Hi @Phillip Mitchell , first off I just want to say that I am also an absolute newbie and just starting analyzing deals.  I looked at your analysis and a couple things came to mind, not sure how relevant they are since I'm just as green as you but I figured it'd be worth starting  conversation and maybe we can both learn a little from each other.

First thing I noticed is that you didn't include anything for Property Management.  Totally fine if you want manage yourself but when I'm analyzing I add it in because even if I manage myself now, I know that over the course of the 30 year mortgage I'm absolutely going to want to pay someone to do it.  That 10% management fee is going to eat up your entire cash-flow.
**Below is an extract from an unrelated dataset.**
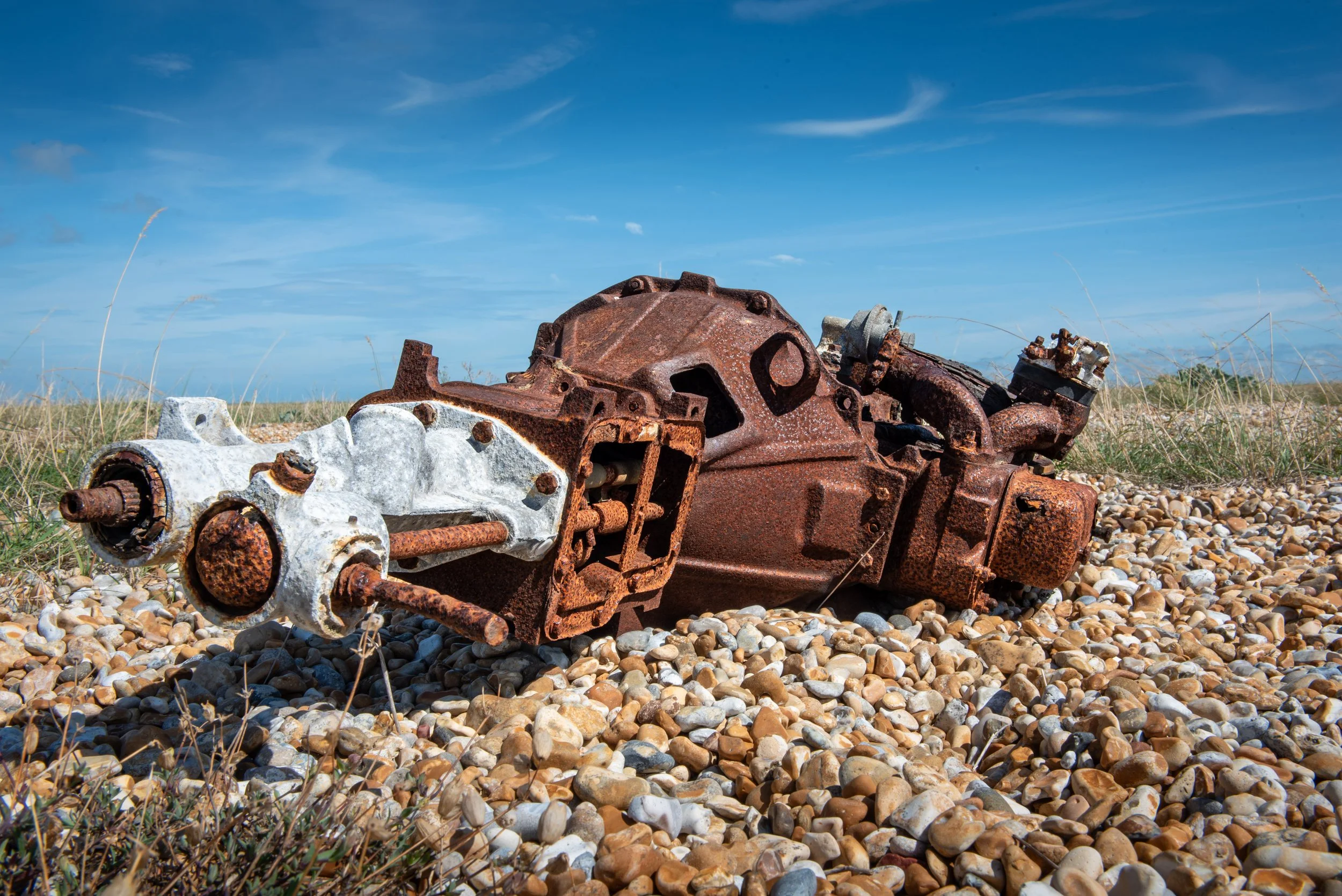 Dungeness-11.jpg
The next big thing is that you didn't include Mortgage Insurance, you will likely need to pay mortgage insurance if you plan on using that low of a down payment.  Calculating this is something I'm struggling with when analyzing my own deals so I can't help much there.  I also noticed that you didn't include water & sewer, totally fine if you are going to make your tenant pay but I've heard some areas won't let you charge your tenant for that utility so that could be worth checking in your area if you haven't already.   

Another thing is your closing costs, you say $4000 for CC but when I calculate 3% of your purchase price I get $4,140, its a small difference but it seems like you are also forgetting to add in cost of appraisal and inspection.  My loan officer gave me some general price ranges for appraisals and inspections and I've been adding about $1000 to my closing cost when analyzing deals to stay safe.

Lastly, in the comments you say that you don't plan on living there and will immediately rent it out.  I'm not sure if this changes by area but my loan officer said that if you don't plan on living at the property it is considered an investment and you cannot get a loan for less than 20% down.  If this also applies to your situation its not even a matter of is this a good deal its more like you might not be able to finance it anyway, unless you can afford the 20% down of course (I certainly can't for my first deal). 

Okay, @Phillip Mitchell . A few thing at the out set:

  • If you don't plan to live there you will have to put down 20-25%. 
  • Expect an interest rate in the 4s.
  • Usually when someone says "buy it out right," they mean pay all cash. Not trying to be pedantic, but the specifics matter.

As far as your analysis:

  • Include an initial repairs budget. There's always something!
  • Vacancy of 5% is probably fine for SFR.
  • Your CapEx and Repairs are a little lower than I usually use (I like 15%), but this place looks pretty new so you should be okay. Just expect that if you own long term that you'll slowly bump it up.
  • Insurance looks a little high. Talk with a local insurance agent.
  • You left out Management (10-12%). Always include Management, even if you plan to self-manage at first.

My math puts you cash flowing <$90/month. This property doesn't hit the 1% rule and has an HOA. Keep looking.